Abstract:We introduce Monte Carlo Forest Search (MCFS), an offline algorithm for automatically synthesizing strong tree-search solvers for proving \emph{unsatisfiability} on given distributions, leveraging ideas from the Monte Carlo Tree Search (MCTS) algorithm that led to breakthroughs in AlphaGo. The crucial difference between proving unsatisfiability and existing applications of MCTS, is that policies produce trees rather than paths. Rather than finding a good path (solution) within a tree, the search problem becomes searching for a small proof tree within a forest of candidate proof trees.
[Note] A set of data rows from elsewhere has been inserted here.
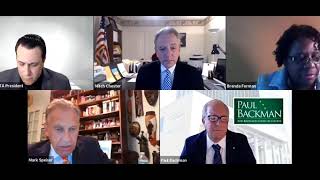 ABOTA FTL presents: Broward Clerk of Courts Debate 2020: Brenda Forman, Mark Speiser, Paul Backman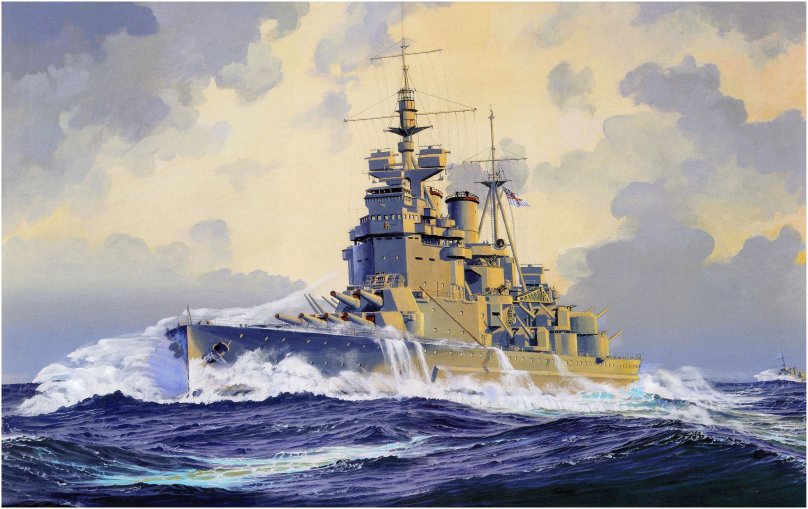 Линкоры Ройал неви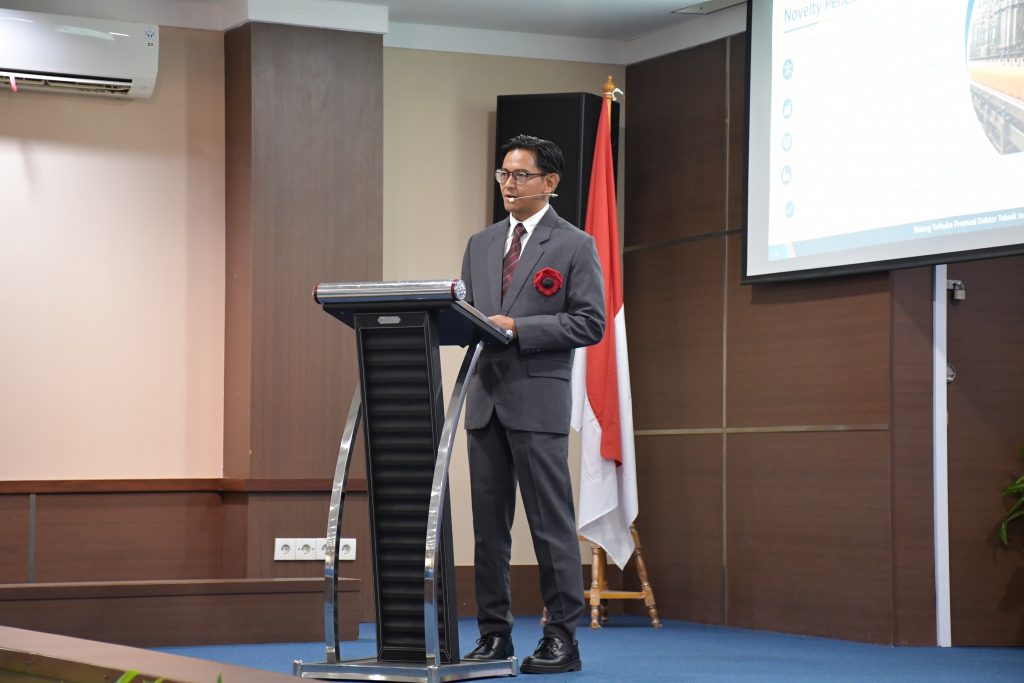 Sidang Terbuka Promosi Doktor Program Studi Teknik Industri Program Doktor FTI Universitas Trisakti Berlangsung Lancar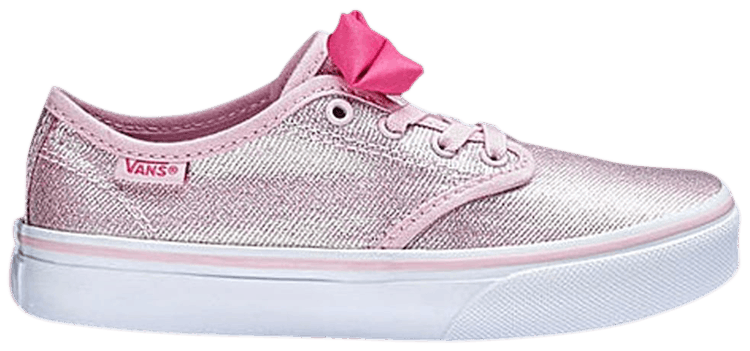 light pink vans kids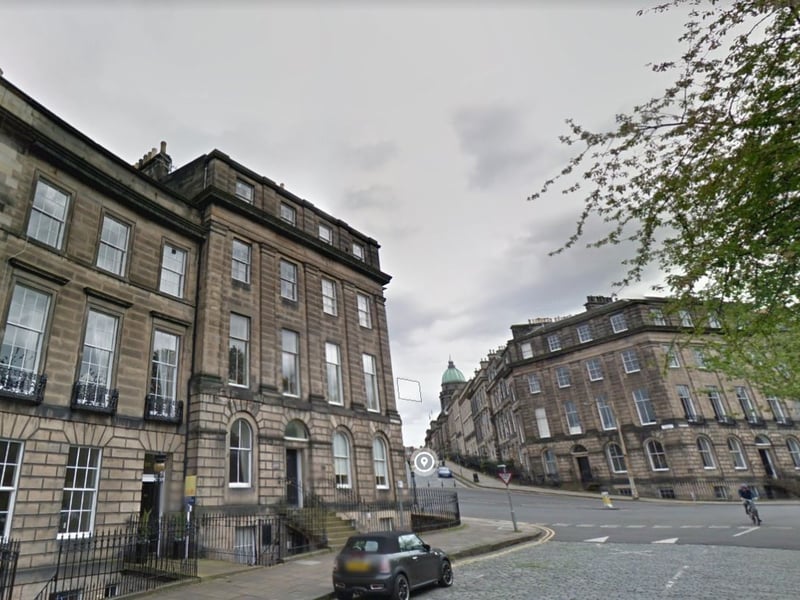 The Edinburgh area of New Town West has an average property price of £601,353.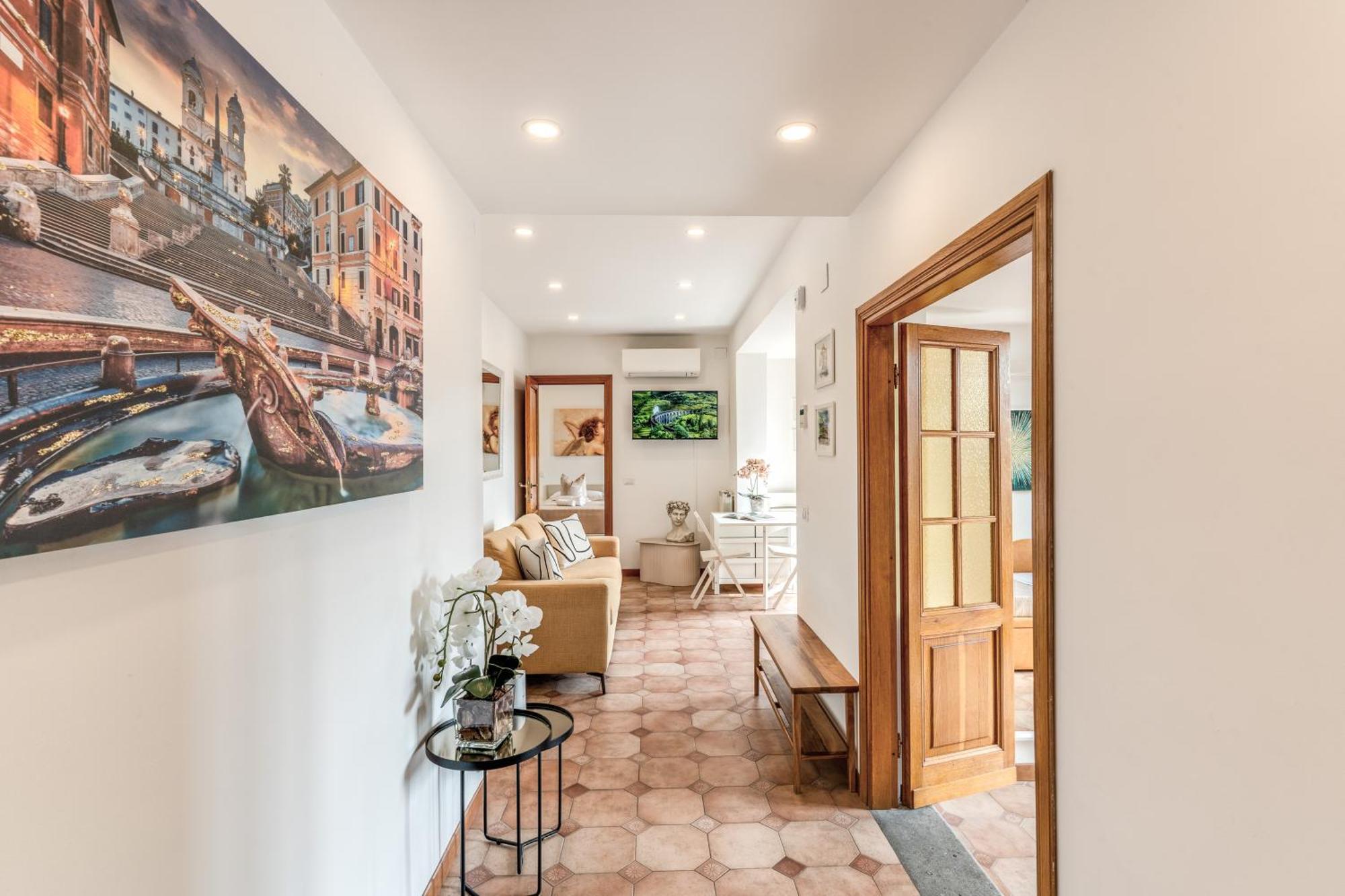 Twilight Terrace - Piazza Di Spagna Apartment Rome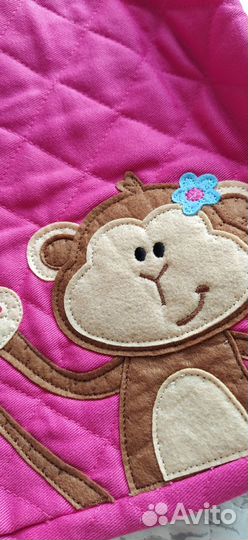 Стёганый рюкзак Stephen Joseph (оригинал)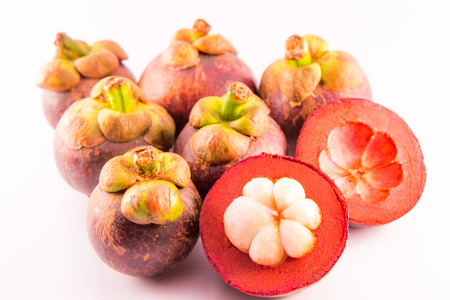 mangosteenの写真素材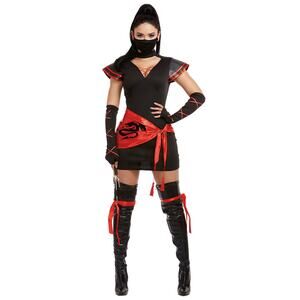 NEW Dreamgirl Kick Em To The Curb Sexy Ninja Costume Size Large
We introduce two key ideas to adapt to this setting. First, we estimate tree size with paths, via the unbiased approximation from Knuth (1975). Second, we query a strong solver at a user-defined depth rather than learning a policy across the whole tree, in order to focus our policy search on early decisions, which offer the greatest potential for reducing tree size. We then present MCFS-SAT, an implementation of MCFS for learning branching policies for solving the Boolean satisfiability (SAT) problem that required many modifications from AlphaGo. We matched or improved performance over a strong baseline on two well-known SAT distributions (\texttt{sgen}, \texttt{random}). Notably, we improved running time by 9\% on \texttt{sgen} over the \texttt{kcnfs} solver and even further over the strongest UNSAT solver from the 2021 SAT competition.